▶ Exercise data
BEGIN

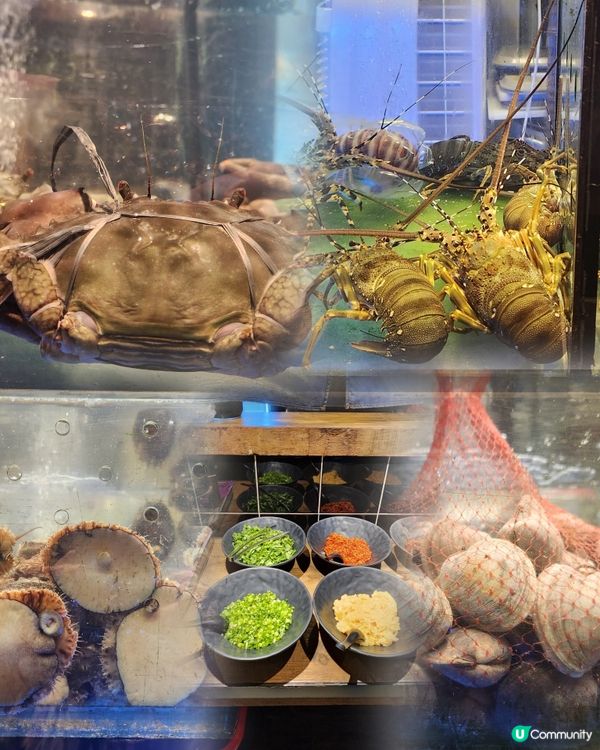 原汁原味海鮮火鍋🫕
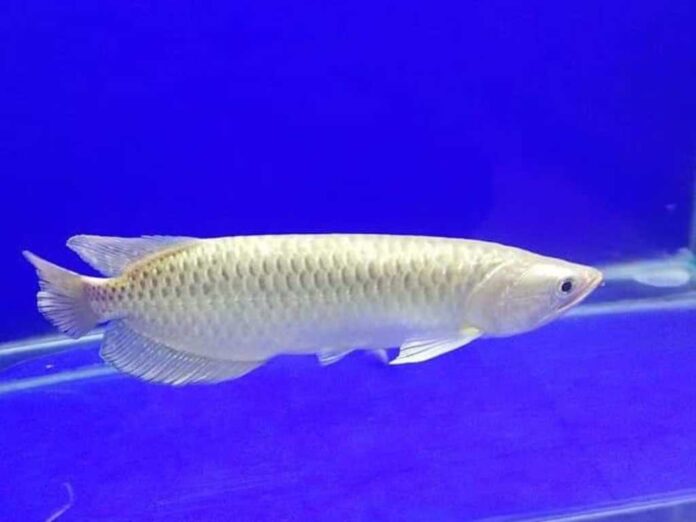 20 Jenis Ikan Hias Termahal yang Cantik dan Unik - Blog ruparupa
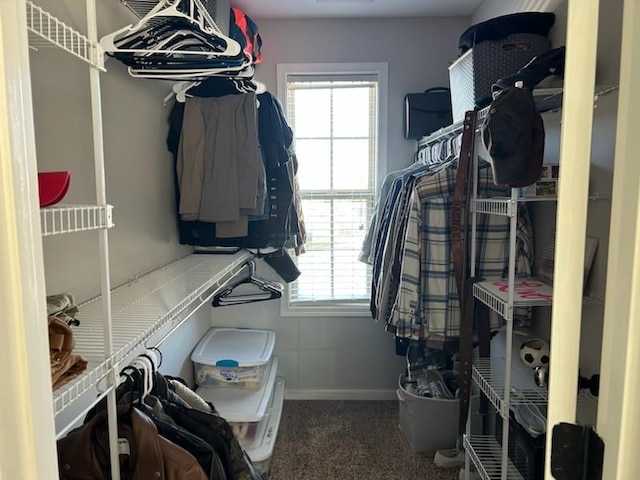 walk in closet featuring carpet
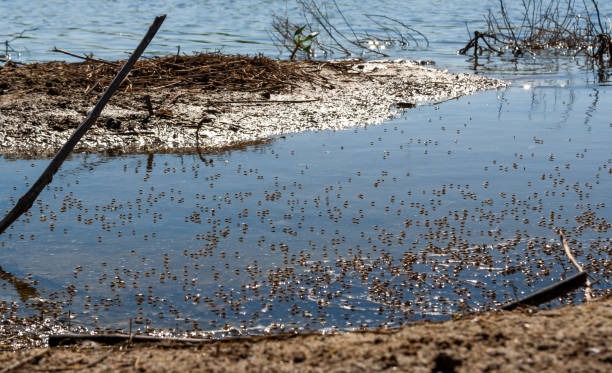 Mosquitoes + Standing Water is a Disaster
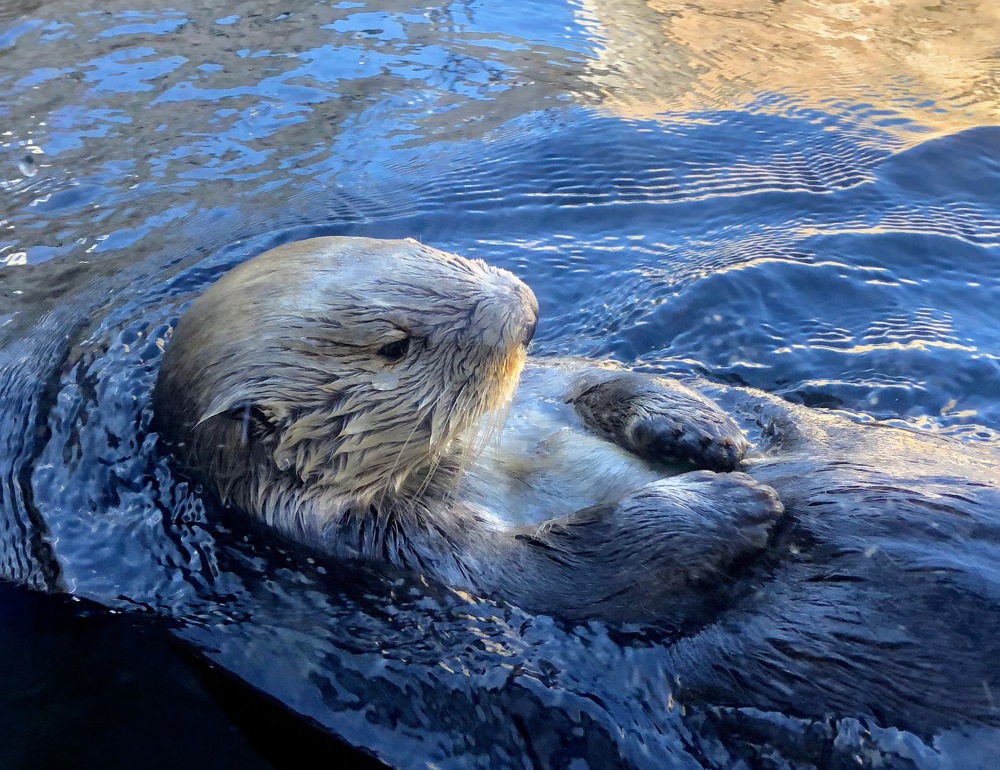 Honnêtement, qui peut résister?
- Monterey, CA. Octobre 2018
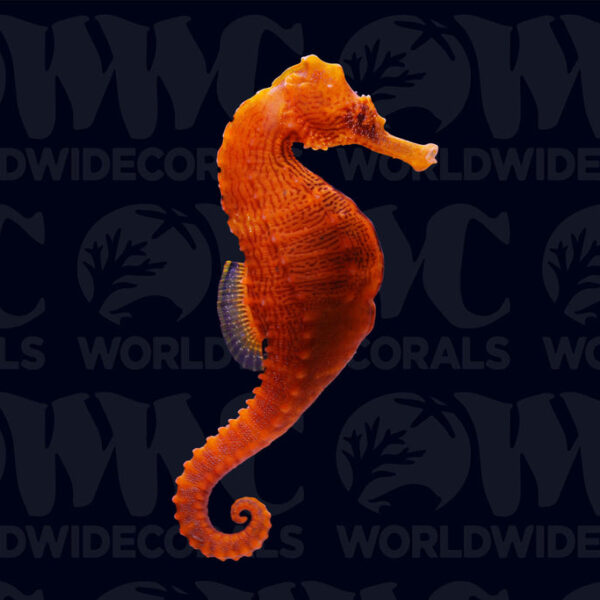 Orange Lined Seahorse - Male - USA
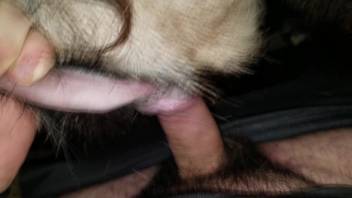 Beast's pussy is pounded from behind massively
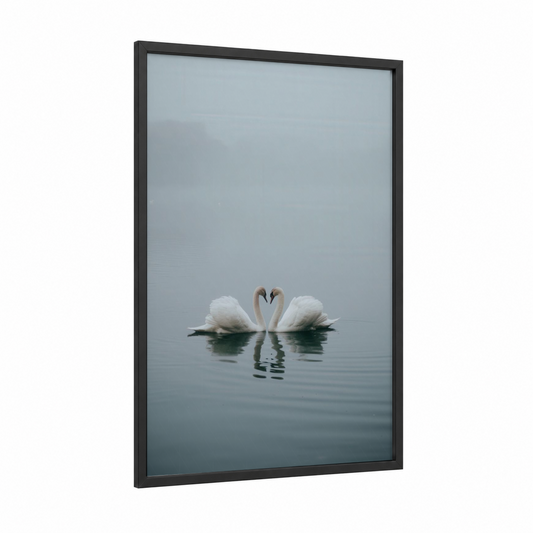 Misty Swan Pair framed art print — black wood frame — gray and white and dove gray palette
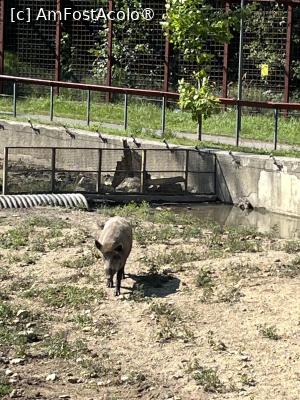 [P31] Grădina Zoo Brașov » foto by Yersinia Pestis
 - 
<span class="allrVoted glyphicon glyphicon-heart hidden" id="av1504011"></span>
<a class="m-l-10 hidden" id="sv1504011" onclick="voting_Foto_DelVot(,1504011,18241)" role="button">șterge vot <span class="glyphicon glyphicon-remove"></span></a>
<a id="v91504011" class=" c-red"  onclick="voting_Foto_SetVot(1504011)" role="button"><span class="glyphicon glyphicon-heart-empty"></span> <b>LIKE</b> = Votează poza</a> <img class="hidden"  id="f1504011W9" src="/imagini/loader.gif" border="0" /><span class="AjErrMes hidden" id="e1504011ErM"></span>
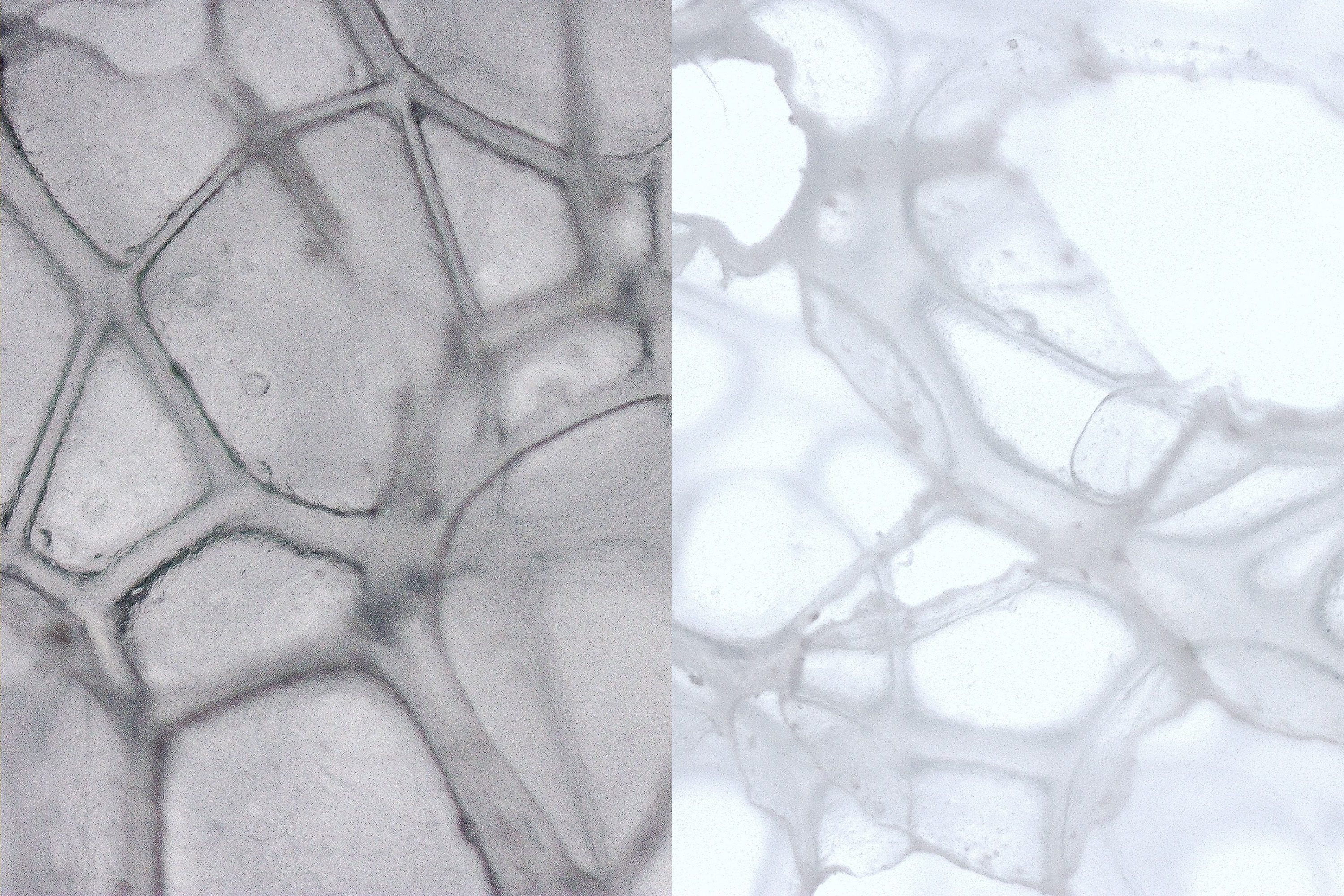 metodología 1.8 estructura celular de la espuma al microscopio.jpg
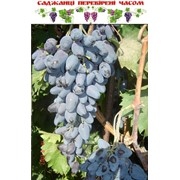 Саженцы винограда, плюща фото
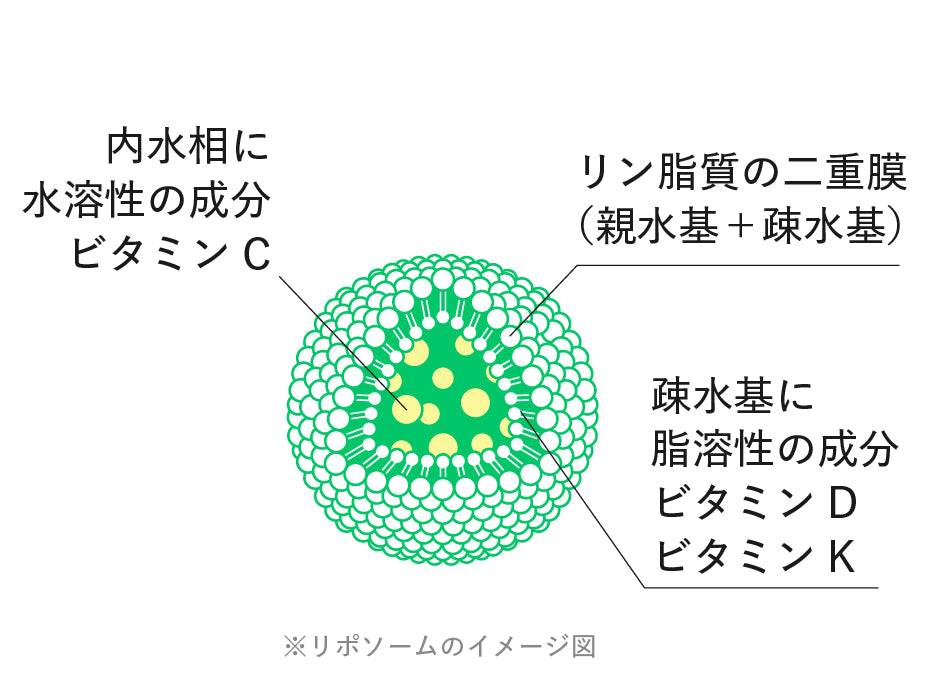 自のリポソーム技術で高吸収を追求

END

▶ Work instruction
Copy exactly, and only, the lines from the line containing "- Monterey, CA. Octobre 2018" through the final line of the material above, with no pictures.

▶ Task answer
- Monterey, CA. Octobre 2018
 Orange Lined Seahorse - Male - USA
 Beast's pussy is pounded from behind massively
 Misty Swan Pair framed art print — black wood frame — gray and white and dove gray palette
 [P31] Grădina Zoo Brașov » foto by Yersinia Pestis
 - 
<span class="allrVoted glyphicon glyphicon-heart hidden" id="av1504011"></span>
<a class="m-l-10 hidden" id="sv1504011" onclick="voting_Foto_DelVot(,1504011,18241)" role="button">șterge vot <span class="glyphicon glyphicon-remove"></span></a>
<a id="v91504011" class=" c-red"  onclick="voting_Foto_SetVot(1504011)" role="button"><span class="glyphicon glyphicon-heart-empty"></span> <b>LIKE</b> = Votează poza</a> <img class="hidden"  id="f1504011W9" src="/imagini/loader.gif" border="0" /><span class="AjErrMes hidden" id="e1504011ErM"></span>
 metodología 1.8 estructura celular de la espuma al microscopio.jpg
 Саженцы винограда, плюща фото
 自のリポソーム技術で高吸収を追求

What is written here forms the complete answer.